Sharing family quotes:
“Since becoming part of FbyF, I was able to realise that I was valued as a mum and that I actually am doing a good job, good enough to try and help others and their families.”
“I used to be just a stay at home mother with no real chance of doing anything else. Since FbyF I’ve done a Foundation Course and started a Bachelor in Behavioural Science at Flinders University.”

Projected savings for the service system:
A cost-benefit analysis has shown that for every dollar invested in Family by Family taxpayers are saving seven dollars through the reduced need for out-of-home care and child protection services. Direct savings to the government could be as high as $79.8m over the next ten years. Governments in South Australia and New South Wales have seen
the value and invested in the growth of Family by Family.

“This could be the solution to the problems with child protection that have plagued us for decades.”
Jay Weatherill, Premier of South Australia

“One of the most inspiring approaches to assisting very vulnerable families…that I’ve come across in four decades.”
Emeritus Professor Dorothy Scott OAM

What metrics are used to track the impact of the project?
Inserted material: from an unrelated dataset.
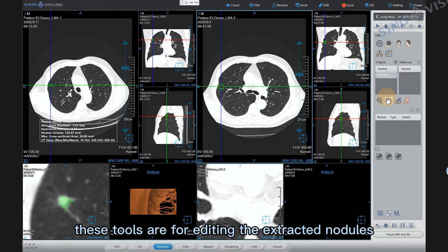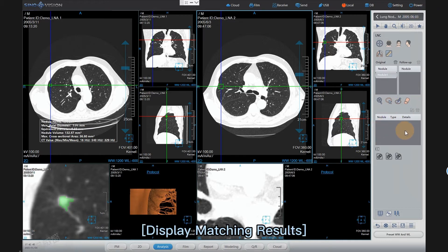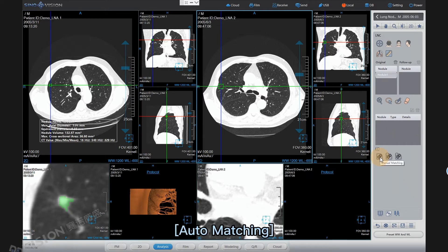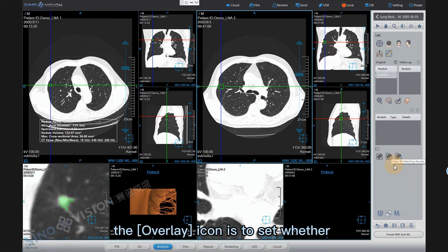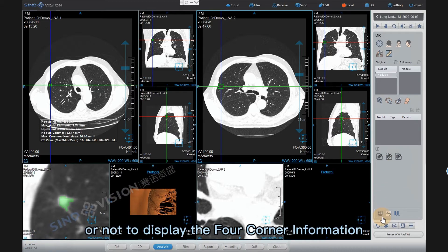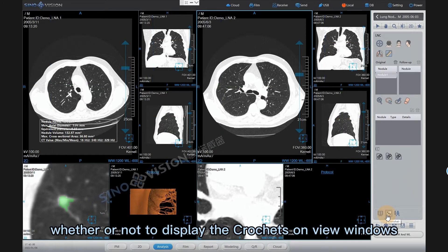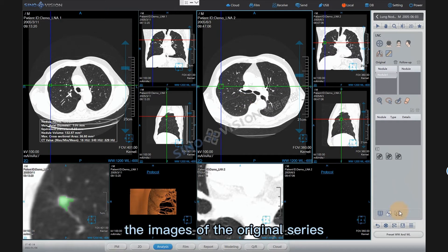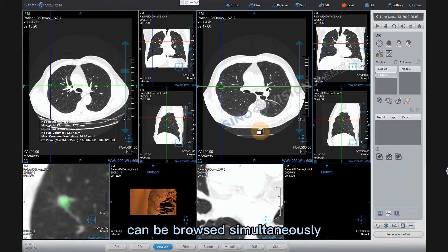These tools are for editing the extracted nodules. The nodule matching list displays matching results. Manual matching, auto matching, and clear all matching results options are available. The overlay icon sets whether to display the four corner information. The crosshair icon sets whether to display crosshairs on view windows. The synchronously rolling icon, when clicked, allows the images of the original series and comparison series displayed in the larger window to be browsed simultaneously.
The primary measurement tool for Family by Family, the ‘bubbles and stickers’, was designed with families and went through 15 iterations. First and foremost we wanted families to be able to track their own progress. The tool measures progress toward self- set goals at the beginning, middle and end of a link-up. Goals typically fall into one of 4 categories: kids behaviours; parents behaviours; social contact; or family interactions.
Families (including children) rate their progress against these goals as “heaps worse” “worse” “no change” “better” or “heaps better” using stickers. (‘Heaps’ being an Australian term for ‘a lot’).

The second data source is a post program questionnaire designed to track the pattern of outcomes across the program and the mechanisms that are fired (ie what prompts the change). The questionnaire explores change related to: social capital; positive family relationships; future orientation; personal development; self esteem; social learning theory; and locus of control. These are related to the behaviours that were identified as ‘thriving behaviours’ in the initial stage of user research.

Additional data sources include interviews with coaches and workers of other services. Further detail can be found in the Independent 2011-2012 evaluation report
http://www.tacsi.org.au/assets/Documents/Publications/Family-Project/TACSI-FbyF-Evaluation-Report-2012.pdf

How will winning the Prize raise awareness of the project and further its impact?

Winning the Prize would be an opportunity for Family by Family and TACSI to reinforce the value that co-design approaches can bring to tackling long standing social problems. This would support the growth of Family by Family, TACSI’s work in Caring and with Indigenous Australians and the nascent but committed design for social innovation community in Australia. The Prize would also give TACSI the opportunity to raise its profile amongst the design community across the world. Attracting top design talent will be key to Family by Family’s ongoing impact.

Briefly describe the challenges the project currently faces

Currently Family by Family is in a period of expansion within South Australia and New South Wales and our primary challenges relate to maintaining the fidelity of the model as it grows and spreads. What makes Family by Family different from other peer-to-peer models is the details of the interactions and the ‘families know best’ values of the organisation. Maintaining these is key to success. This means designing ways to adapt the model to new locations whilst keeping the elements that are core to creating change. It means designing training and support systems that enable rather than restrict quality practice. It means designing ways to build organisations’ capabilities to run Family by Family in their localities. And all this whilst continually challenging the norms of the service system and existing funding models.

Please include any other relevant information you would like to share

We would like to jointly credit the project to ‘The Australian Centre for Social Innovation and families in Marion and Playford.’